This did not turn into frosting at all.I went by the recipe exactly.It just turned into a pale blob of sugary slop.All those ingredients ended up in the garbage.I was skeptical about making an icing without icing sugar,I didn't have any.I should have just went and bought some and made my usual recipe.
Oh my goodness! I used butter instead of shortening and it came out perfect.
i just made this. i found that after it boils for the solid minute, it was really easy to pour into my kitchen aid mixer and set it on speed 2 to stir until it was ready to spread. i might try chilling my metal bowl in the frig prior to "stirring" next time to speed it along. i had to work quick to spread it on my cake but found it easier with a knife over a spatula! (took 15 min in the mixer... i think the metal bowl held heat so it took longer than it normally would) tastes just like fugde!!
This was so good and so easy. I have always been lazy and gone with the canned frosting. Never again. Be sure to time it correctly and then add 10 seconds. It set up so fast I had to hurry and get it spread. I also beat it setting the pan in ice water to hurry it along.
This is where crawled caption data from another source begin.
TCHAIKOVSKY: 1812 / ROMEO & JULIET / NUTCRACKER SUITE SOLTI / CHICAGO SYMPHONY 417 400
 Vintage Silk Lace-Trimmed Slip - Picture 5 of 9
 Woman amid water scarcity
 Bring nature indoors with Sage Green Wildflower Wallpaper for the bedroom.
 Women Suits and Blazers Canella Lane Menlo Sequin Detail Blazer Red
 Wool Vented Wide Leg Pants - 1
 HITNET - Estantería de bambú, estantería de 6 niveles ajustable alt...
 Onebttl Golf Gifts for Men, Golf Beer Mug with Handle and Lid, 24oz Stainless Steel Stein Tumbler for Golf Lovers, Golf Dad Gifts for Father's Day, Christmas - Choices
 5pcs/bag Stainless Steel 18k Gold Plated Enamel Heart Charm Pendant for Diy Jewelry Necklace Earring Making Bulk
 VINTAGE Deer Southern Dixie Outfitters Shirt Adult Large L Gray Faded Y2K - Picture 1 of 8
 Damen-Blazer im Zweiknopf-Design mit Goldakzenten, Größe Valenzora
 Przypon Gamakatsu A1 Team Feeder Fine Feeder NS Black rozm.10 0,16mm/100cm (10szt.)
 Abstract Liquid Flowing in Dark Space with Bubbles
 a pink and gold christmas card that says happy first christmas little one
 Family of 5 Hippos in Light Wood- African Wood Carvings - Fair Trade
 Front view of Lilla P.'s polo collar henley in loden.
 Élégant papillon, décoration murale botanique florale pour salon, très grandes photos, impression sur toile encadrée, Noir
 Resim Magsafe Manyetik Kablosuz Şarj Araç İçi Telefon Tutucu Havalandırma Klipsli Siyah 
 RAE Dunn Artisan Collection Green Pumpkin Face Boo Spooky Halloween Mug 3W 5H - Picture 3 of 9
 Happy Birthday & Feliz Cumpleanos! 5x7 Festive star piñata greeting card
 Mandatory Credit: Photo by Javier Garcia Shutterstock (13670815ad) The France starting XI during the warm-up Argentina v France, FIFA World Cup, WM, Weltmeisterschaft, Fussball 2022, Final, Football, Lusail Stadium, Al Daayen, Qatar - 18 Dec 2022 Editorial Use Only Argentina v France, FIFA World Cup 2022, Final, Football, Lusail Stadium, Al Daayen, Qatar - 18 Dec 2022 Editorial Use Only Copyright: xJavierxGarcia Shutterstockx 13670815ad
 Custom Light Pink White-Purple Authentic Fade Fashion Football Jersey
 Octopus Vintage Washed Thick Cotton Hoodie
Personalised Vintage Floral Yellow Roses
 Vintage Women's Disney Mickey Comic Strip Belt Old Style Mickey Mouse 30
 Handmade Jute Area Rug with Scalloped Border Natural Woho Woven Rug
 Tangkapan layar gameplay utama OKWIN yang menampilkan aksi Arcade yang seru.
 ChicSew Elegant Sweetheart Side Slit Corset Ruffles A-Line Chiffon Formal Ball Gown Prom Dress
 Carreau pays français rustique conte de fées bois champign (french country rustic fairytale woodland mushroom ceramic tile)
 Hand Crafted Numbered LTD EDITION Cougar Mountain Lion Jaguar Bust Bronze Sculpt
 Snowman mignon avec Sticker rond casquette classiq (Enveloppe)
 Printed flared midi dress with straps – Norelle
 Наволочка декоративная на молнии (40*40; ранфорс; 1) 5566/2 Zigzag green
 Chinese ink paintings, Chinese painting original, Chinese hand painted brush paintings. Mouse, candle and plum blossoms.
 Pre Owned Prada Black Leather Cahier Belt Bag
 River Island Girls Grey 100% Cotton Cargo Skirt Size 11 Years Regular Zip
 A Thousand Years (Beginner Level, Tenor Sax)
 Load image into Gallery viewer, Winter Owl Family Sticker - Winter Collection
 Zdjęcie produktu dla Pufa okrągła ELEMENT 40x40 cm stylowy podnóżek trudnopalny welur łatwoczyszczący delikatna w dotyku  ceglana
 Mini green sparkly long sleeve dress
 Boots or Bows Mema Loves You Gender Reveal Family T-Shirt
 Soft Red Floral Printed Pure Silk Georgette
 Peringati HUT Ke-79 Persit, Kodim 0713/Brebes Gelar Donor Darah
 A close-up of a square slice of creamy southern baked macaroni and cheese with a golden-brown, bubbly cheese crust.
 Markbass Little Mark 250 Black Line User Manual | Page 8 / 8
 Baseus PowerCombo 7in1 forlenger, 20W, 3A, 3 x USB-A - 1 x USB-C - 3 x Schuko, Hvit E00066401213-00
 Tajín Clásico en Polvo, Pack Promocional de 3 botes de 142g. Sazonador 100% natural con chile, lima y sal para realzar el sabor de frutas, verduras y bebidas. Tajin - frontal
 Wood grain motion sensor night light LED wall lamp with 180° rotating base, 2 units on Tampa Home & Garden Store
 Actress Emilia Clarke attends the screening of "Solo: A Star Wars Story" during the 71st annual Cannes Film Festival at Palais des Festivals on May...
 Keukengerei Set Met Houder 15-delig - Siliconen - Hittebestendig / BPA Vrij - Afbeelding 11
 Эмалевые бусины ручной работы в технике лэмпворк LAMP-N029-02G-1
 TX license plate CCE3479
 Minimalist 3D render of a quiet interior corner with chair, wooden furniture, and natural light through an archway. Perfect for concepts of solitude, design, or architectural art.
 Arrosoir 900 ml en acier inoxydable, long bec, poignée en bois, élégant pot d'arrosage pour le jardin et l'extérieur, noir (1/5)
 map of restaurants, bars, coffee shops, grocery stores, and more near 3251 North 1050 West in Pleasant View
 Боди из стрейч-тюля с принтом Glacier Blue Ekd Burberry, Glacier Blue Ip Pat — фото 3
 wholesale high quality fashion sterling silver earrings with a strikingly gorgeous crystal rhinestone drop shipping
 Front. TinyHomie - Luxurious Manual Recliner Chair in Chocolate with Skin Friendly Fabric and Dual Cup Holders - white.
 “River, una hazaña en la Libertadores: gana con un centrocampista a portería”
Worked great.
This recipe turned out as it should have. I believe other reviewers are having issues because they either are not allowing it to come to a rolling boil prior to timing and/or not beating it long enough (complaints about it being too thin). If you overbeat, I think you'll end up with a pan of fudge. The flavor & consistancy was exactly that of fudge (like homemade fudge). I frosted the Ho Ho Cake with it and while the kids loved it, the four layers were challenging to frost!
I would say overall, it was very sweet for my taste. If I were to make it again, I think I would reduce some of the sugar and take the suggestion of sundaymorning and use butter in place of the shortening. Thanks for sharing!
Is this frosting supposed to have a ganache like texture after it has cooled? I'm having a difficult time getting it to thicken.
What is the ideal texture for the finished frosting?
I am looking for a great tasting NON buttercream chocolate (and vanilla) frosting that will maintain its shape so I can use it for boarders, etc. Any help will be most appreciated!!!
I just made this recipe today to frost 24 cupcakes and had leftovers. It is simple to make but does take time and effort. Any one ending up with a gloppy sugary mess either didn't boil it the full minute or didn't beat it long enough as it can take up to 20 minutes all together of beating time...depending on your mixer.
I used salted butter in place of both the salt and the shortening and it came out great. I didn't find this recipe here though it was in my mother's 1956 illustrated Betty Crocker Cookbook. I was searching prior to posting the recipe myself. Thank you for posting this as it really is a wonderful recipe.
Loved this little recipe! I used it to frost Ho Ho Cake and it was the bomb! I'll be using this as a standard fudgy frosting from now on!
OMGoodness! This reminded me soooo much of my Great Grandma's fudge recipe! This is postively fantastic -and I have NEVER made homeade frosting!!! I was afraid I would fail at this and my cake would just have to go without. Thank you for an easy-to-follow recipe and such a decadent one, at that! Even my hubby said it tasted like his Mom's (HUGE compliment). Your recipe brought back such fond recipes! Thank you!
This actually tastes like fudge. It is dense, creamy, and delicious. If you're looking for something out of the ordinary and utterly divine, I would highly recommend this recipe!! Fabulous.